2. Pay off your existing VA loan
What if Jonathan doesn’t want to sell his existing home and instead, wants to turn it into an investment property and buy a house in a new area? It may be possible for him to have two outstanding VA loans at the same time. If Jonathan wants to buy a new home elsewhere but keep and rent out his existing house, he can use his remaining benefits.

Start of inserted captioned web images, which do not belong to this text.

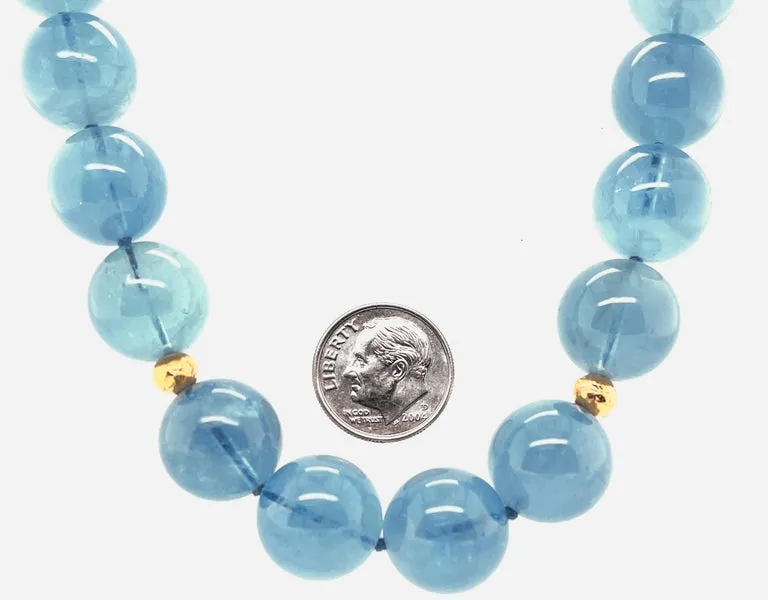 14 to 15mm Round Aquamarine Bead Necklace with Yellow Gold Accents, 18.5 Inches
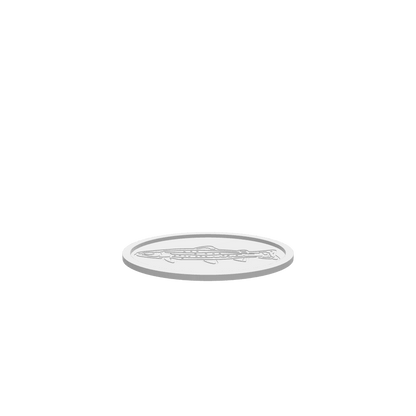 GLB of render file of the cartoon trout tray, ready for 3D viewing or digital mockups.
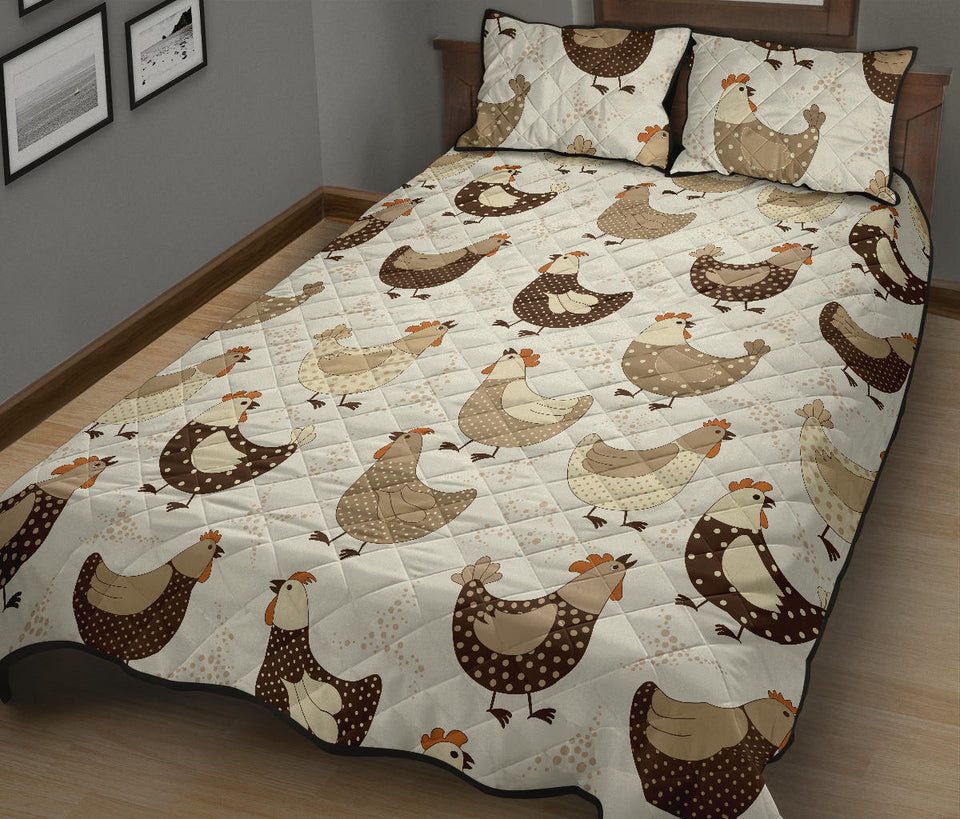 Cute rooster chicken cock Quilt Bed Set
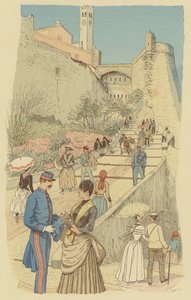 Mensen die lopen op de Grote Trap in het Koninklijk Paleis, Monaco door Maurice Charles Mathieu Bonvoisin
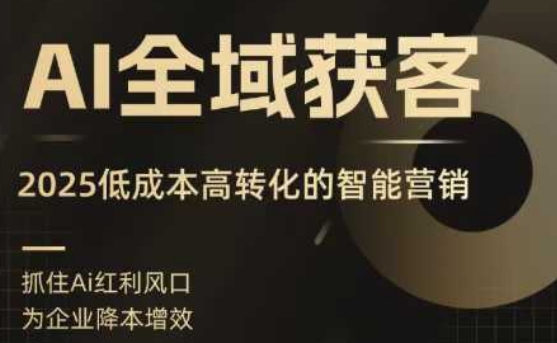 AI全域获客实训营，2025低成本高转化的智能营销，精准找客，高效营销-紫橙资源网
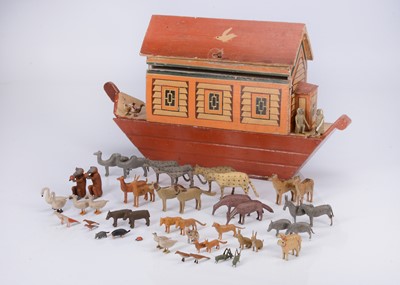 Lot 216 - A rare Erzgebirge Noah’s Ark and animals with very rare ark animal list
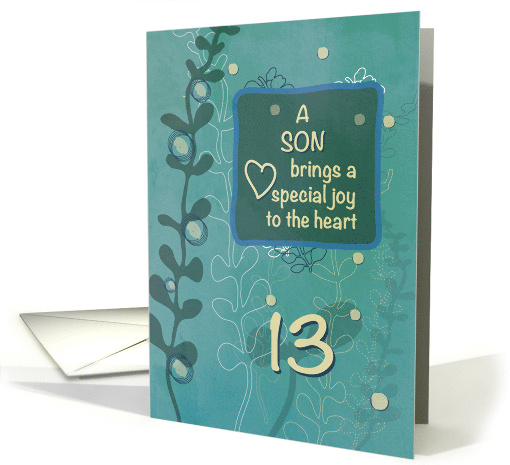 Son Religious 13th Birthday Green Hand Drawn Look card (1581680)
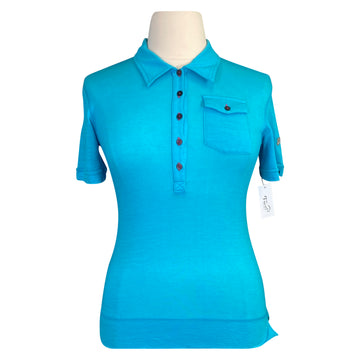 Asmar Equestrian Merino Polo in Aqua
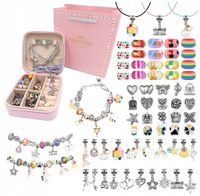 DUŻY ZESTAW DO ROBIENIA BRANSOLETEK I NASZYJNIKÓW CHARMS SZKATUŁKA KORALIKI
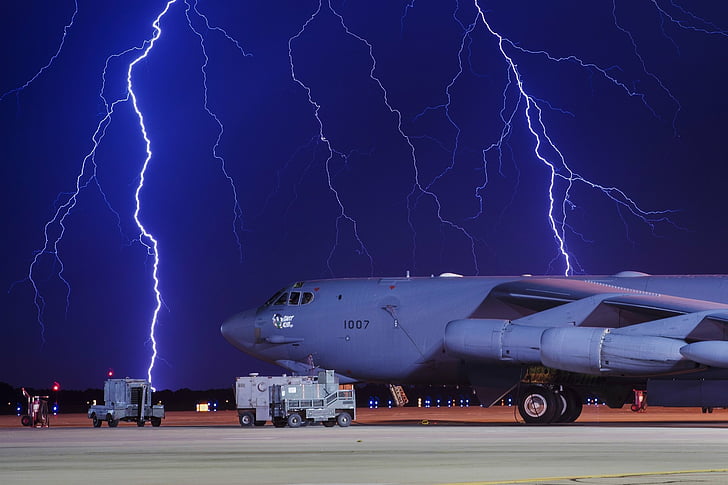 Bombers, Boeing B-52 Stratofortress, Aircraft, Lightning, Night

If he wants to buy a property that is priced higher than the $250,000 home mentioned above, he can still use his VA entitlement, but he’d need to make a down payment for the amount that exceeds the local loan limit.
To access benefits for a new VA loan, you’ll need to restore your eligibility by completing VA Form 26-1880 (or VA Form 26-1817 for surviving spouses) — that’s the same form used to obtain a COE. Once you have the COE in hand, the amount of basic entitlement and the amount currently tied up in your previous loan will be displayed near the center of the online form.
Keep in mind that you may have to pay a higher VA funding fee when you reuse your entitlement. Funding fees are a percentage of the VA loan amount, and they vary based on the borrower’s military status, the down payment amount and whether the benefits have been used before.